I use 1/2 for capacity rate for now. So new implementation is memory efficient when len(s) <= 32768. But memory efficiency is roughly equal to current implementation when 32768 < len(s) <= 2**31, and worse than current implementation when len(s) > 2**31.
Here is quick test about memory usage. https://gist.github.com/methane/98b7f43fc00a84964f66241695112e91
$ ./python -m perf compare_to master.json oset2.json -G --min-speed=2 Slower (3): - unpickle_list: 8.48 us +- 0.09 us -> 12.8 us +- 0.5 us: 1.52x slower (+52%) - unpickle: 29.6 us +- 2.5 us -> 44.1 us +- 2.5 us: 1.49x slower (+49%) - regex_dna: 448 ms +- 3 ms -> 462 ms +- 2 ms: 1.03x slower (+3%)
Faster (4): - meteor_contest: 189 ms +- 1 ms -> 165 ms +- 1 ms: 1.15x faster (-13%) - telco: 15.8 ms +- 0.2 ms -> 15.3 ms +- 0.2 ms: 1.03x faster (-3%) - django_template: 266 ms +- 6 ms -> 259 ms +- 3 ms: 1.03x faster (-3%) - unpickle_pure_python: 818 us +- 6 us -> 801 us +- 9 us: 1.02x faster (-2%)

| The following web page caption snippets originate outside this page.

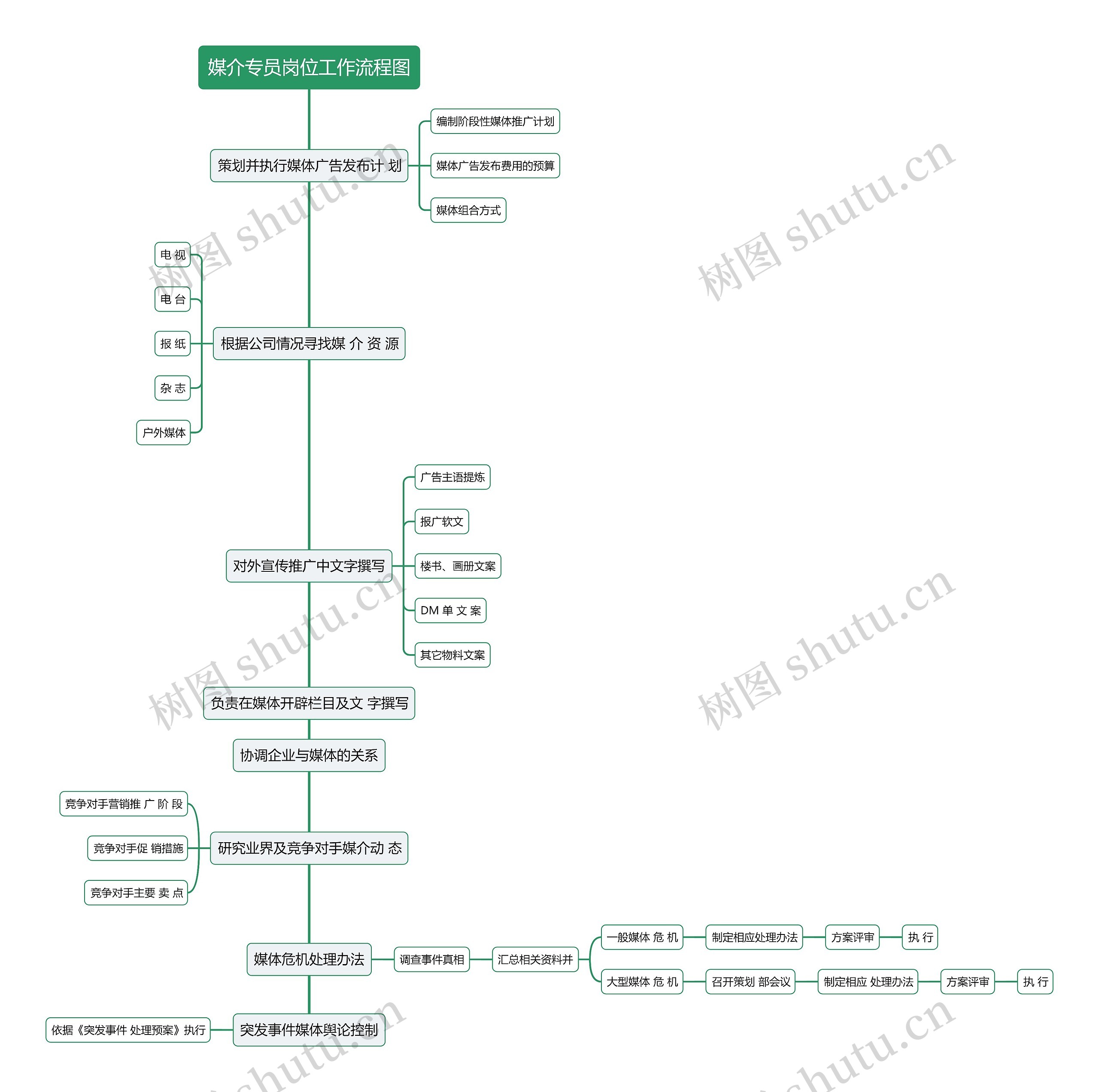 媒介专员岗位工作流程图思维导图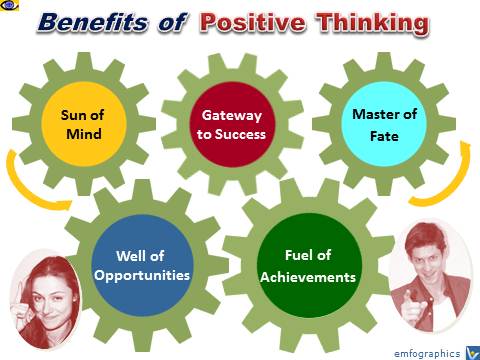 Essay On The Power Of Positive Thinking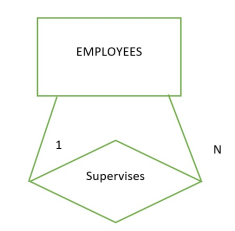 Relational Databases: The diagram illustrates a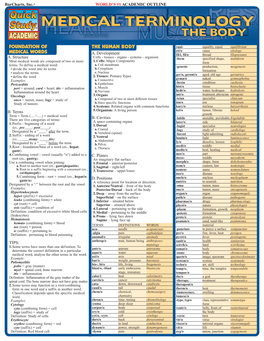 QUICKSTUDY® Reference Guide Is a Comprehensive List of Medical Ter- CREDITS ISBN-10: 142320291-0 Minology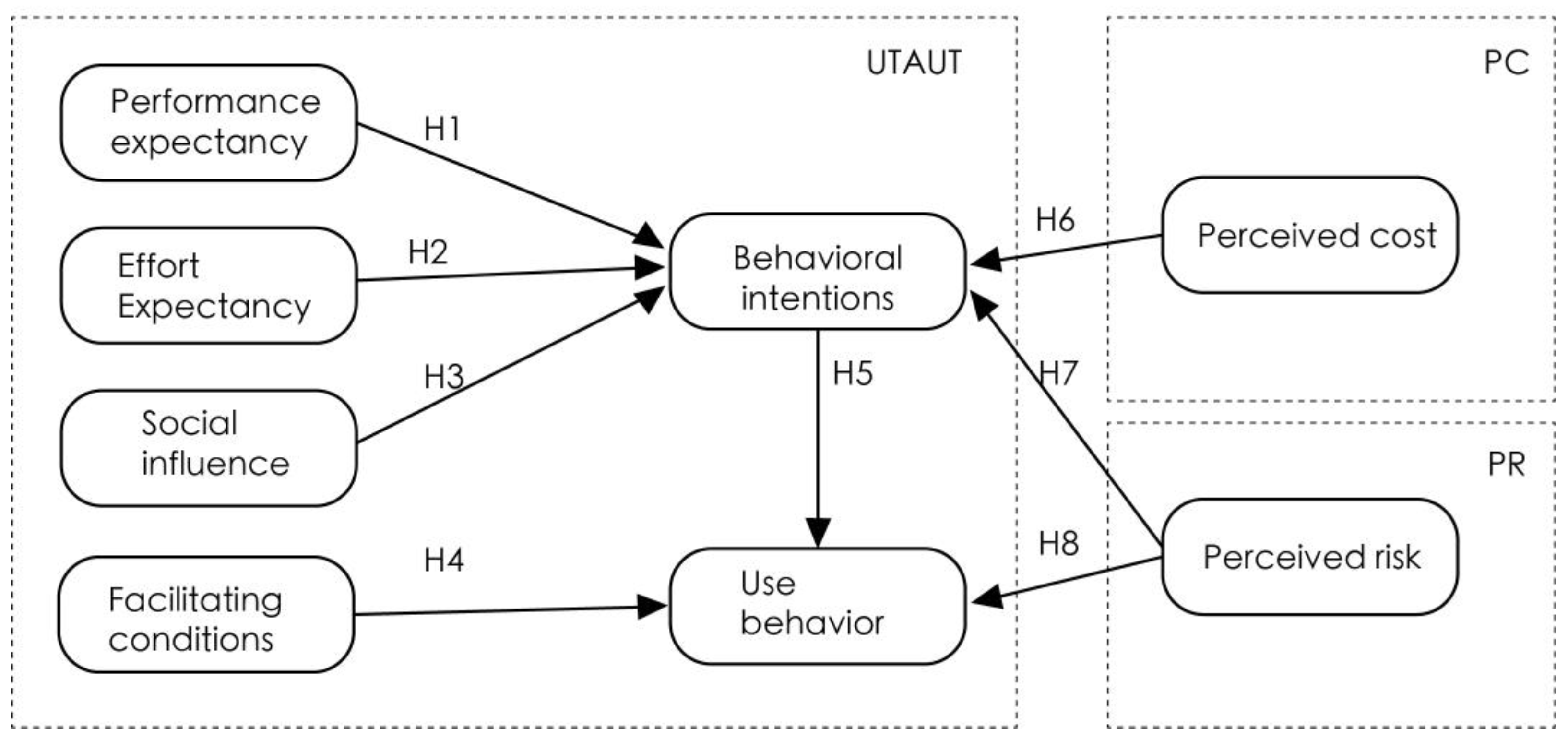 Behavsci 13 00277 g003 Behavsci 13 00277 g003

Benchmark hidden because not significant (49)
unpickle and unpickle_list shows massive slowdown. I suspect this slowdown is not caused from set change. Linux perf shows many pagefault is happened in pymalloc_malloc. I think memory usage changes hit weak point of pymalloc accidentally. I will try to investigate it.
On the other hand, meteor_contest shows 13% speedup. It uses set. Other doesn't show significant performance changes.
I need to write more benchmarks for various set workload. I expect new set is faster on simple creation, iteration and destruction. Especially, sequential iteration and deletion will reduce cache misses. (e.g. https://bugs.python.org/issue32846 )
On the other hand, new implementation will be slow on complex (heavy random add & del) case.
Any comments are welcome. And any benchmark for set workloads are very welcome.
Regards, -- INADA Naoki email@example.com